Now Google parent Alphabet Inc. and Uber are embroiled in a legal fight over driverless-car technology, with Mr. Levandowski playing a starring role. The two firms, along with several other companies, are locked in a race to automate cars, a contest that could affect the future of transportation.

A look back at Mr. Levandowski's nine years at Google shows an employee who sometimes operated at the edge of what a typical company would accept -- even one like Google that encourages entrepreneurialism among its workers. While Google's approach helps it create new businesses, it also can spark disagreements between the company and its employees over who owns certain technology.

Alphabet accuses Mr. Levandowski of stealing its driverless-car technology and bringing it to Uber, which he joined as its head of its driverless-car project last year after earning more than $120 million at Google. Alphabet has filed two arbitration claims against Mr. Levandowski and is suing Uber for allegedly conspiring with him.

Last week, the judge handling the civil lawsuit asked federal prosecutors to investigate Alphabet's allegations that Mr. Levandowski stole the trade secrets.

Uber, a ride-hailing company, denies wrongdoing and is contesting the accusations in court. It isn't clear how Mr. Levandowski has responded to the arbitration claims, which are private. Uber declined to make him available for an interview and he didn't respond to requests for comment.

This account of Mr. Levandowski's tenure at Google and simultaneous work for his own companies is based on interviews with a dozen former 510 Systems and Google employees, and on court filings and other public records.

Google encourages employees to spend 20% of their work time on side projects of their choosing that benefit the company, and it has created a so-called incubator for employees to found startups inside the company.
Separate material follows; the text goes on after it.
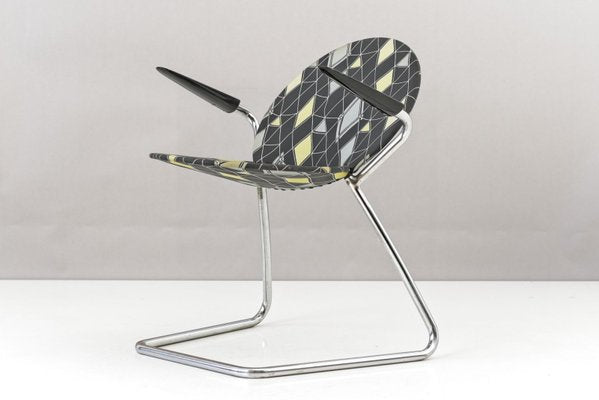 German Libelle Armchair by Walter Pabst for Mauser Werke Waldeck, 1950s-LOB-683852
Some eventually leave to start their own ventures, such as social-media firms Instagram and Pinterest Inc. Even Google's co-founders, Larry Page and Sergey Brin, have launched their own outside companies in recent years, including firms developing flying cars and an airship.

Mr. Levandowski's outside companies benefited Google for years. Technology developed by 510 Systems helped Google create its own maps and avoid paying for third-party data. When Google launched its self-driving car program in 2009, one of its first vehicles was a Toyota Prius that Mr. Levandowski and 510 Systems engineers had rigged up for a TV show.

The employment agreements signed by many Google employees bar them from starting outside companies that conflict with Google's interests, such as online advertising. It isn't known when Google learned about Mr. Levandowski's initial side project, 510 Systems, or whether his employment agreement permitted his activities there.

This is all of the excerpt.